はい。2012年に主婦向けに時短の正社員やハイキャリア派遣の仕事を斡旋する「しゅふJOBエグゼ」というサービスを始めました。当初はアシスタント業務を担う方が多かったのも事実です。しかし、10年前くらいから登録者の経歴がレベルアップしてきたのを感じていました。

撮影=プレジデントオンライン編集部

「しゅふJOBエグゼ」を通じて経歴に見合うお仕事を紹介できれば、その分お支払いできる給与も上がります。派遣の場合、立ち上げ当初の相場が1600~1700円だったのに対し、今は2300~2400円にまで上がっています。

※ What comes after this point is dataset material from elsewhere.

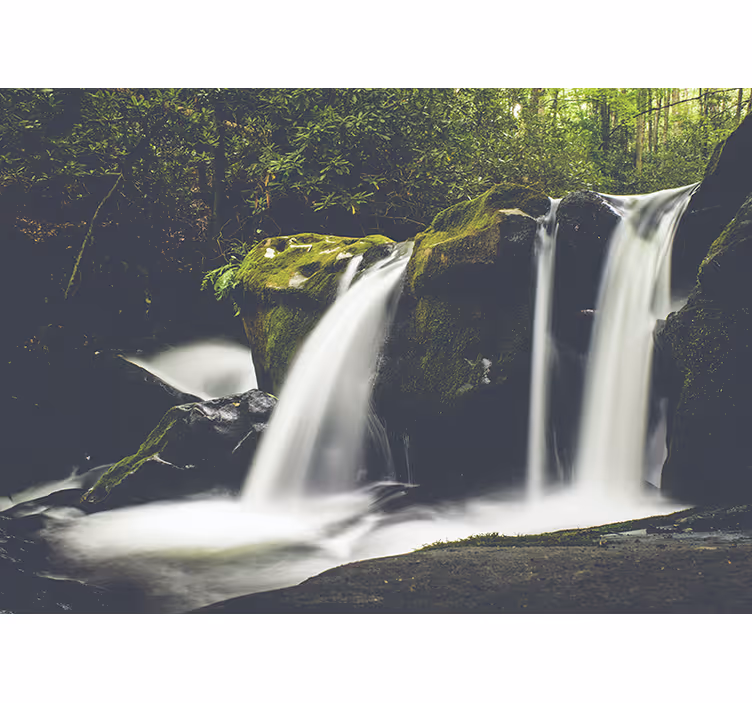 Fotomural de bosque Bosque naturaleza cascada - TenVinilo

中には、外資系企業で事業戦略を月次ベースで差異分析して、英文レポートを作成し本国へ送るという仕事をしている方もいます。その方の時給は7000円。昔だったら主婦が子育てしながらできる仕事といえば飲食店の接客などしか選択肢がありませんでしたが、今は積み上げてきたスキルを活かして働けるようになってきました。

広がり始めた時短という働き方

——時短ハイキャリア派遣や時短正社員という働き方が増えた要因は何でしょうか。

スキルや知識によって生産性を高められる仕事が増えたからだと思います。例えば、エクセルのマクロ機能。昔は手打ちで何時間もかかっていたものが、操作方法を身に着ければ作業時間を大幅に短縮できます。労働時間と生み出される価値が必ずしも正比例しなくなったからこそ、スキルを持った人が時短で働くことを受け入れられる時代になってきたのでしょう。

そうした変化を受けて、2018年1月には「しゅふJOBエグゼ」を「スマートキャリア」にブランド変更しました。

——反応はどうでしたか。

登録者だけでなく、企業からの反応も良く、受注が増えました。短い時間でも大きな成果をあげられる働き方が増えたことで、企業側に「時短での人材活用」に抵抗がなくなってきたことが後押ししたのだと思います。

特に採用が増えたのがIT業界です。成長産業にあって多くの人材を必要としているのに加えて、「能力さえあれば働く時間は関係ない」という柔軟な考えを持つ若い経営者が多いんです。

2019年からは「スマートキャリアexecutive」(2019年12月よりBIZ‐directors:ビズ・ディレクターズに名称変更)という、男性も含めたさらにプロフェッショナルなビジネスパーソン向けのサービスも始めました。大手企業の早期退職者の年齢が45歳くらいにまで下がっている中で、人生100年時代のセカンドキャリアとして活用していただくことを想定しています。